Como já foi dito, nossa pesquisa se baseia no reconhecimento desse dinamismo a partir do
recorte de uma área de estudo formada pelas Regiões de Governo de Bragança Paulista, Campinas e
Jundiaí, conjunto formado por 47 municípios. Também como já explicitamos, buscaremos balizar o
estudo da questão da autonomia municipal em alguns pontos que julgamos fundamental. O primeiro
deles é uma análise da dinâmica regional para a qual tomaremos o município como unidade básica da
análise. Assim, localizaremos a área de estudo dentro do Estado de São Paulo; primeiramente, dentro de
sua divisão política, e depois, dentro do quadro natural, que deverá ser caracterizado brevemente,
tomando como principal elemento as compartimentações geomorfológicas do terreno.

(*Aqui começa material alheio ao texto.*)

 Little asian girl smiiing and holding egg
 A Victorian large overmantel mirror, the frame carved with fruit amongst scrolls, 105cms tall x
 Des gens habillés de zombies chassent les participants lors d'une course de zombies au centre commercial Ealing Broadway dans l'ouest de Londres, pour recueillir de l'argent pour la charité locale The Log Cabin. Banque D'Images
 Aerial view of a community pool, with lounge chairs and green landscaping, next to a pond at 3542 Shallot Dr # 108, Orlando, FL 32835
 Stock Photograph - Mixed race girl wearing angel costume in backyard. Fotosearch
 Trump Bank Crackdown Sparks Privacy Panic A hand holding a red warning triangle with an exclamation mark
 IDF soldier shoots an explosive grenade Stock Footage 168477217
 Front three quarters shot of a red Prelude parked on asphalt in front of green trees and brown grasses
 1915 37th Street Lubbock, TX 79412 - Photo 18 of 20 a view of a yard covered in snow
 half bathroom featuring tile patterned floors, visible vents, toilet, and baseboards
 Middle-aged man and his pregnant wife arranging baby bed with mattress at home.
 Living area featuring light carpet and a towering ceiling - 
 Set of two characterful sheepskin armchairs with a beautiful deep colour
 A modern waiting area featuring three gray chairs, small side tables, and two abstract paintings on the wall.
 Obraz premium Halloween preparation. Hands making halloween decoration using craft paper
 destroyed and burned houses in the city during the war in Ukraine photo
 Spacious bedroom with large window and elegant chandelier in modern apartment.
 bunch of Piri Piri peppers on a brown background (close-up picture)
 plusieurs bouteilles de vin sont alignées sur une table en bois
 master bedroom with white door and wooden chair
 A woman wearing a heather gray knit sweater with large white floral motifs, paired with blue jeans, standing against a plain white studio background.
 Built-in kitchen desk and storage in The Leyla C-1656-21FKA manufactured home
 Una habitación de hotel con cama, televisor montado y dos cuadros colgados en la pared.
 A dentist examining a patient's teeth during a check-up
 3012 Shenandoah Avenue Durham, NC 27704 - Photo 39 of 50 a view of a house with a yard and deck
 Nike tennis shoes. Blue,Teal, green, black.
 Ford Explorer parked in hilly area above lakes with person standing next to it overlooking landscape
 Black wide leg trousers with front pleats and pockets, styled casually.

A partir daí esboçaremos uma análise da dinâmica da área de estudo, para a qual tomaremos
como primeiro fato fundamental, a distribuição do homem e suas variações, aglomerações, e o grau de
urbanização das municipalidades. Em seguida, faremos a apresentação da rede de transportes que
articula esse conjunto de territórios. O terceiro ponto a ser abordado é a distribuição das atividades
36
produtivas e suas variações. Dessa maneira poderemos explorar a relação singular/particular
caracterizando o município na rede de cidades a qual pertence.
O singular, precisamente como singular, é conhecido de modo seguro e
verdadeiro, tanto quanto mais rica e profundamente se descobrem suas
mediações com o universal e o particular. Há, evidentemente, casos nos
quais o conhecimento do singular, mediante aspectos isolados e puramente
abstratos, é possível e suficiente; mas, nesses casos, trata‐se, geralmente,
mais de um reconhecimento (no sentido da identificação) do que de um
conhecimento (LUCAKS, apud Silva 1986 p. 49).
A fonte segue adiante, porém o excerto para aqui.